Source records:
• • •
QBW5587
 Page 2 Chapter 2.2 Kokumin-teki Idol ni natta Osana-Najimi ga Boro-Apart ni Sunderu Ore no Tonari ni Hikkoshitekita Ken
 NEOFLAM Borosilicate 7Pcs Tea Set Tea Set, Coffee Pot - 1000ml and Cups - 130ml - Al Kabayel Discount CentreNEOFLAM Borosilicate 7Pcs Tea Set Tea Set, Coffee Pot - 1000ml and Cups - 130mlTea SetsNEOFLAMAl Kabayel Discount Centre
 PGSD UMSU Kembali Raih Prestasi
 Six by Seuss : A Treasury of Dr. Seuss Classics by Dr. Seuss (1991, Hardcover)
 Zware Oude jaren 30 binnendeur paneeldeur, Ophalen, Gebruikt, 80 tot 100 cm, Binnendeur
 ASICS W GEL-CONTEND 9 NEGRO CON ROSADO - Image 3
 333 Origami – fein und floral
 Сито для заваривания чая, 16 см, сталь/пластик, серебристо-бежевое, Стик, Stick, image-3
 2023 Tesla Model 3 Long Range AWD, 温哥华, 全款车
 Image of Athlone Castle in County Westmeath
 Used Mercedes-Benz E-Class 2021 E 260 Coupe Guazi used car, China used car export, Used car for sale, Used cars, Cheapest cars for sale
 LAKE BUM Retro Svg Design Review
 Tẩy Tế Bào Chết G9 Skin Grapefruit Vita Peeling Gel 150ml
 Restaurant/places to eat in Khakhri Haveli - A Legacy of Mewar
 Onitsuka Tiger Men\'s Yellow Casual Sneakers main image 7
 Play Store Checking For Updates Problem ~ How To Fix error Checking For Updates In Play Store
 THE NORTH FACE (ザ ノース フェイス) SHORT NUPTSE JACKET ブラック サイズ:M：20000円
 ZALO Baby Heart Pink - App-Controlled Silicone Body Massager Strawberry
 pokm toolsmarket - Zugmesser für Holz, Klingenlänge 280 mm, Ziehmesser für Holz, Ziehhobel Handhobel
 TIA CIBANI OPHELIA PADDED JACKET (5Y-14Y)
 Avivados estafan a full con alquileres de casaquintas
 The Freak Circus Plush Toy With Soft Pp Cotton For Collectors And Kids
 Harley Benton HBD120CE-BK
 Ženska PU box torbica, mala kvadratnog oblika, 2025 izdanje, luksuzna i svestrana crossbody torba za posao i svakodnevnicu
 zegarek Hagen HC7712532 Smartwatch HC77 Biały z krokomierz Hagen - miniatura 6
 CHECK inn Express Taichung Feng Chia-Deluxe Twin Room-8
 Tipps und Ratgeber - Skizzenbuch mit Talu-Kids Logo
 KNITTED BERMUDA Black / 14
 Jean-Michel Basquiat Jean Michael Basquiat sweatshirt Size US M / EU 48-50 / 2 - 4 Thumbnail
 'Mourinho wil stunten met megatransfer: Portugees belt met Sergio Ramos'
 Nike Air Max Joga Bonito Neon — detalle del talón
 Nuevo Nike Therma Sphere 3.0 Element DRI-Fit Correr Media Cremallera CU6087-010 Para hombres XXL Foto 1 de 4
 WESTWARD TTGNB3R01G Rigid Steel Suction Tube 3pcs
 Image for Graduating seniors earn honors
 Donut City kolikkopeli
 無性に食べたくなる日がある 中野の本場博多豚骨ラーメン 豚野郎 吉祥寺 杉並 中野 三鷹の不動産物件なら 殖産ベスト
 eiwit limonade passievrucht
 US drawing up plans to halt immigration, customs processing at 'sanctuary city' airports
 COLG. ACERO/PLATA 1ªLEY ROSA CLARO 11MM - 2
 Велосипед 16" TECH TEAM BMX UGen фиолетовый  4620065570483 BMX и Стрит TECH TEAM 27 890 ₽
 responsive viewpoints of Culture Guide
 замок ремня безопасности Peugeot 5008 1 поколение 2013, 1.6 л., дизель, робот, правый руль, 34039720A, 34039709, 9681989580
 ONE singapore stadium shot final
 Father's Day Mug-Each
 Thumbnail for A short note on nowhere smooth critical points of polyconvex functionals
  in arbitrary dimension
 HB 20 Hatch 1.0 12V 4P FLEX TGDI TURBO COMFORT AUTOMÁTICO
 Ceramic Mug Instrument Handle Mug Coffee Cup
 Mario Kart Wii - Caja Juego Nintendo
• • •
ASSIGNMENT >>
All the records shown above need to be given again exactly.

COMPLETED EXERCISE >>
QBW5587
 Page 2 Chapter 2.2 Kokumin-teki Idol ni natta Osana-Najimi ga Boro-Apart ni Sunderu Ore no Tonari ni Hikkoshitekita Ken
 NEOFLAM Borosilicate 7Pcs Tea Set Tea Set, Coffee Pot - 1000ml and Cups - 130ml - Al Kabayel Discount CentreNEOFLAM Borosilicate 7Pcs Tea Set Tea Set, Coffee Pot - 1000ml and Cups - 130mlTea SetsNEOFLAMAl Kabayel Discount Centre
 PGSD UMSU Kembali Raih Prestasi
 Six by Seuss : A Treasury of Dr. Seuss Classics by Dr. Seuss (1991, Hardcover)
 Zware Oude jaren 30 binnendeur paneeldeur, Ophalen, Gebruikt, 80 tot 100 cm, Binnendeur
 ASICS W GEL-CONTEND 9 NEGRO CON ROSADO - Image 3
 333 Origami – fein und floral
 Сито для заваривания чая, 16 см, сталь/пластик, серебристо-бежевое, Стик, Stick, image-3
 2023 Tesla Model 3 Long Range AWD, 温哥华, 全款车
 Image of Athlone Castle in County Westmeath
 Used Mercedes-Benz E-Class 2021 E 260 Coupe Guazi used car, China used car export, Used car for sale, Used cars, Cheapest cars for sale
 LAKE BUM Retro Svg Design Review
 Tẩy Tế Bào Chết G9 Skin Grapefruit Vita Peeling Gel 150ml
 Restaurant/places to eat in Khakhri Haveli - A Legacy of Mewar
 Onitsuka Tiger Men\'s Yellow Casual Sneakers main image 7
 Play Store Checking For Updates Problem ~ How To Fix error Checking For Updates In Play Store
 THE NORTH FACE (ザ ノース フェイス) SHORT NUPTSE JACKET ブラック サイズ:M：20000円
 ZALO Baby Heart Pink - App-Controlled Silicone Body Massager Strawberry
 pokm toolsmarket - Zugmesser für Holz, Klingenlänge 280 mm, Ziehmesser für Holz, Ziehhobel Handhobel
 TIA CIBANI OPHELIA PADDED JACKET (5Y-14Y)
 Avivados estafan a full con alquileres de casaquintas
 The Freak Circus Plush Toy With Soft Pp Cotton For Collectors And Kids
 Harley Benton HBD120CE-BK
 Ženska PU box torbica, mala kvadratnog oblika, 2025 izdanje, luksuzna i svestrana crossbody torba za posao i svakodnevnicu
 zegarek Hagen HC7712532 Smartwatch HC77 Biały z krokomierz Hagen - miniatura 6
 CHECK inn Express Taichung Feng Chia-Deluxe Twin Room-8
 Tipps und Ratgeber - Skizzenbuch mit Talu-Kids Logo
 KNITTED BERMUDA Black / 14
 Jean-Michel Basquiat Jean Michael Basquiat sweatshirt Size US M / EU 48-50 / 2 - 4 Thumbnail
 'Mourinho wil stunten met megatransfer: Portugees belt met Sergio Ramos'
 Nike Air Max Joga Bonito Neon — detalle del talón
 Nuevo Nike Therma Sphere 3.0 Element DRI-Fit Correr Media Cremallera CU6087-010 Para hombres XXL Foto 1 de 4
 WESTWARD TTGNB3R01G Rigid Steel Suction Tube 3pcs
 Image for Graduating seniors earn honors
 Donut City kolikkopeli
 無性に食べたくなる日がある 中野の本場博多豚骨ラーメン 豚野郎 吉祥寺 杉並 中野 三鷹の不動産物件なら 殖産ベスト
 eiwit limonade passievrucht
 US drawing up plans to halt immigration, customs processing at 'sanctuary city' airports
 COLG. ACERO/PLATA 1ªLEY ROSA CLARO 11MM - 2
 Велосипед 16" TECH TEAM BMX UGen фиолетовый  4620065570483 BMX и Стрит TECH TEAM 27 890 ₽
 responsive viewpoints of Culture Guide
 замок ремня безопасности Peugeot 5008 1 поколение 2013, 1.6 л., дизель, робот, правый руль, 34039720A, 34039709, 9681989580
 ONE singapore stadium shot final
 Father's Day Mug-Each
 Thumbnail for A short note on nowhere smooth critical points of polyconvex functionals
  in arbitrary dimension
 HB 20 Hatch 1.0 12V 4P FLEX TGDI TURBO COMFORT AUTOMÁTICO
 Ceramic Mug Instrument Handle Mug Coffee Cup
 Mario Kart Wii - Caja Juego Nintendo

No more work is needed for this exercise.